7 November -- The head of the new United Nations Mission in Eritrea and Ethiopia (UNMEE) today said he believed the UN peace operation would succeed because the two countries "have signed an agreement that they are determined to implement."
The comments by UNMEE chief Legwaila Joseph P. Legwaila were made during a press briefing at UN Headquarters in New York, during which Secretary-General Kofi Annan formally introduced his new Special Representative to Ethiopia and Eritrea.
Calling Mr. Legwaila "a seasoned peacekeeper," the Secretary-General highlighted his role in the UN peacekeeping operation in Namibia and his work on the Security Council. He said the Organization was fortunate to have Mr. Legwaila as a UN representative in the Eritrean-Ethiopian operation, which he said was going "quite well."
"The peace process and the talks are going very well," the Secretary-General said. "We have good offers for troops. We are not having, fortunately, the problems we are having in Sierra Leone. I think we have a full complement of troops and observers."
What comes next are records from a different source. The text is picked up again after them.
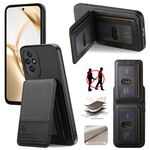 Per Honor 300 Pro Twill Tessuto Pelle Verticale Flip RFID Card Bag Custodia per Telefono (Nero)
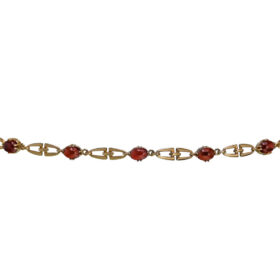 Garnet Cabochon Link Bracelet, 9.03-Carats
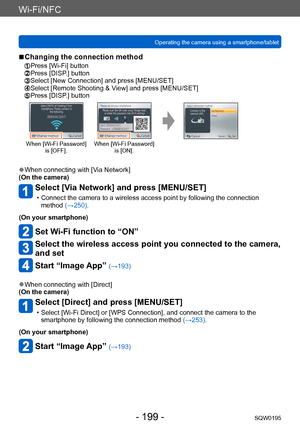 Page 199Wi-Fi/NFC
Operating the camera using a smartphone/tabletSQW0195
- 199 -
 ■Changing the connection method
  Press [Wi-Fi] button  Press [DISP.] button  Select [New Connection] and press [MENU/SET]  Select [Remote Shooting & View] and press [MENU/SET]  Press [DISP.] button
When [Wi-Fi Password] 
is [OFF]. When [Wi-Fi Password] 
is [ON].
 ●When connecting with [Via Network]
(On the camera)
Select [Via Network] and press [MENU/SET]
 • Connect the camera to a wireless access point by following the connection...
Mr. Legwaila, who leaves for the region tomorrow, was confident that the peace process would bear fruit. "After so much bloodshed, they want peace between them," he said, noting that his approach to helping the two countries will be to monitor their ceasefire while they are negotiating the delineation and delimitation of their common border. "So far they have been very successful in maintaining the ceasefire," he noted. "It is one of the few ceasefires that has been holding so well."
The UNMEE chief also plans to cooperate closely with all UN agencies working in Eritrea and Ethiopia "to make sure that we know exactly what they are doing, [and] to do anything that we can do to help them."